Now we're talking. And I see someone else also mentioned Debussy's Images for piano. Debussy was of course one of the great masters of velvet smooth, rich sound. It's noteworthy that a lot of composers of New Age and Ambient music mentions his work as an influence.


----------



## Francis Poulenc (Nov 6, 2016)

Many despise it from their conservatory years, but there is great beauty in this, it is the sound of innocence:


----------



## Haydn man (Jan 25, 2014)

Never really thought about this before but perhaps
Canteloube's Chants D'Auvergne would fit this description of ear candy for me


----------



## Pugg (Aug 8, 2014)

Hard to get this out of your ears.
Greta choice Hayden Man


----------



## brianvds (May 1, 2013)

Haydn man said:


> Never really thought about this before but perhaps
> Canteloube's Chants D'Auvergne would fit this description of ear candy for me


Oh yes!
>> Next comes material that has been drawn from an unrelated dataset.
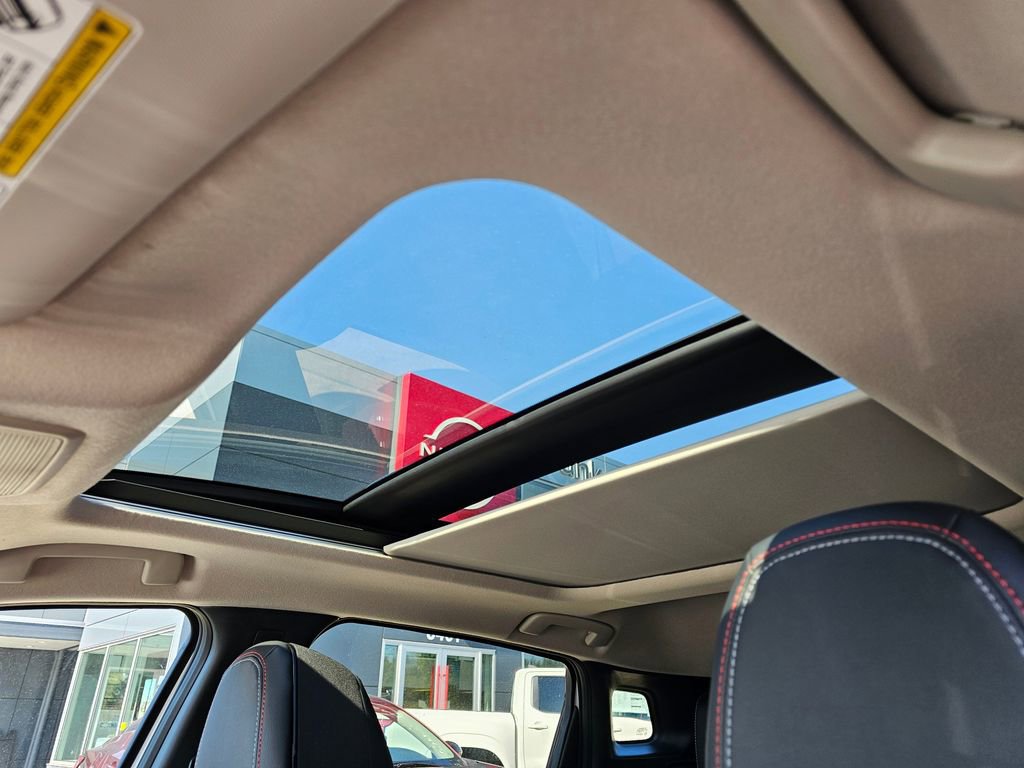 New 2026 Nissan Kicks SR w/ SR Premium Package AWD/4WD image 8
I see someone else mentioned it just after you did. It's like Debussy with more singable melodies.


----------



## Pat Fairlea (Dec 9, 2015)

Haydn man said:


> Never really thought about this before but perhaps
> Canteloube's Chants D'Auvergne would fit this description of ear candy for me


Good choice. Likewise most Respighi and Mendelssohn. Can't agree Debussy is ear candy, however. Too engaging.


----------



## pcnog11 (Nov 14, 2016)

Mozart piano sonatas. They serve 2 purposes. Can be played for serious listening and can be appreciated as "ear candies".


----------



## Gouldanian (Nov 19, 2015)

brianvds said:


> In the visual arts, "eye candy" refers to work that might not exactly be great art, but that the viewer finds beguiling because, well, it is simply too lushly beautiful to resist (even if it doesn't "say" anything particularly deep).
> 
> I don't know if music lovers use the term I used here, but what would your musical (classical or otherwise) equivalent?
> 
> ...


Debussy's piano work... all of it. And this comes from the biggest fan of Bach.


----------



## brianvds (May 1, 2013)

Gouldanian said:


> Debussy's piano work... all of it. And this comes from the biggest fan of Bach.


I seem to remember reading once that apparently Debussy himself admired only two composers, namely Bach and Debussy.


----------